Assessment of Eustachian Tube Function in Temporomandibular Joint Disorder: A Cross-sectional Study
摘要
Temporomandibular joint disorder (TMD) often presents with otologic symptoms such as aural fullness, otalgia, and tinnitus, potentially linked to Eustachian tube dysfunction (ETD) due to anatomical and neuromuscular connections. Evidence from quantitative studies using validated ET assessment tools remains limited. The objective of this study was to determine the prevalence of ETD among adults with TMD and to assess factors associated with ETD in TMD patients.
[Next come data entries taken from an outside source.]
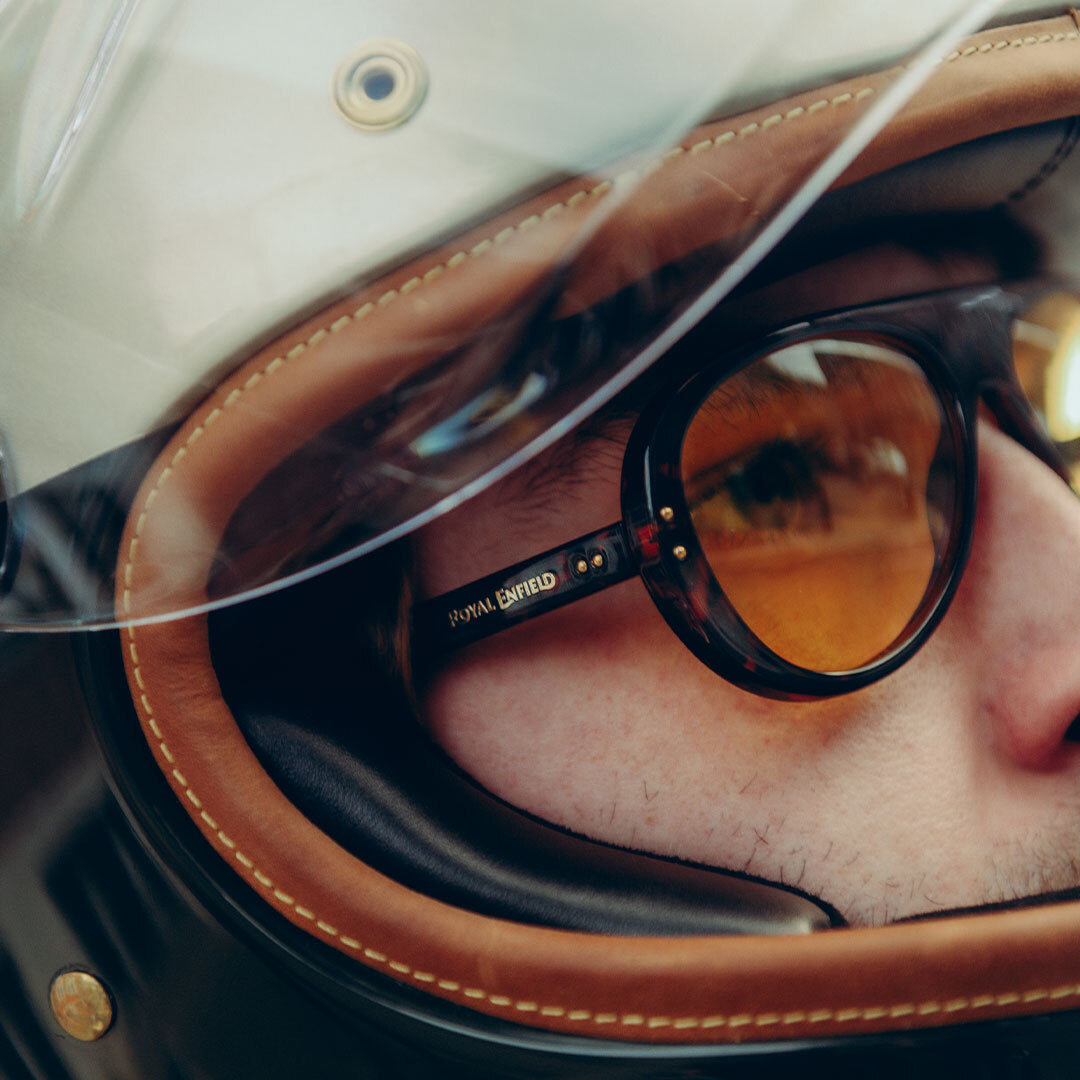 Close up of male motorcyclist wearing Royal Enfield Special Edition Moto Aviators from VALLON in Dark Tortoise-Yellow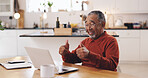 Senior man, laptop and thumbs up for video call in kitchen for tax, documents or review for pension. Elderly person, computer and sign for financial advisor with yes, deal and retirement plan in home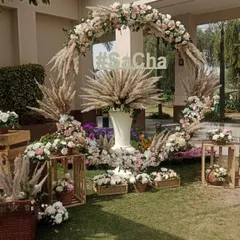 A trendy circular arch made of pampas grass and pastel flowers, serving as a beautiful photo backdrop. The custom '#SaCha' lettering adds a personal touch for the couple.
This cross-sectional observational study was conducted at a tertiary care hospital in Chengalpattu district with 90 newly diagnosed patients of TMD. Participants underwent structured history-taking, subjective assessment of ETD using ETFSI questionnaire, and objective assessment using tympanometry. ETD was defined as ETFSI score ≥ 14 and tympanometric curves which were flat, B type and C type. Data were analyzed using descriptive statistics, Chi-square test and bivariate analysis where p < 0.05 was considered significant. Of the 90 participants, 23.3% reported clinically significant ETD on ETFSI scoring, while 20% showed negative middle ear pressure on tympanometry. Sixteen participants (17.8%) fulfilled both criteria and were classified as having ETD. Dysfunction was strongly associated with head and neck trauma, present in 31.3% of those affected compared with 2.7% without trauma. Similarly, ETD was more common in participants with bruxism (25%) and moderate pain (31.3%) compared with those without bruxism (2.7%) or minimal pain (6.3%). No associations were observed with age, gender, smoking, or allergy. ETD was present in 17.8% of TMD patients demonstrating a significant association between temporomandibular disorders and ETD, particularly in patients with trauma history, bruxism, and higher pain burden. The findings expand current understanding of the overlapping pathways between craniofacial and otologic systems, underscoring the need for multidisciplinary evaluation.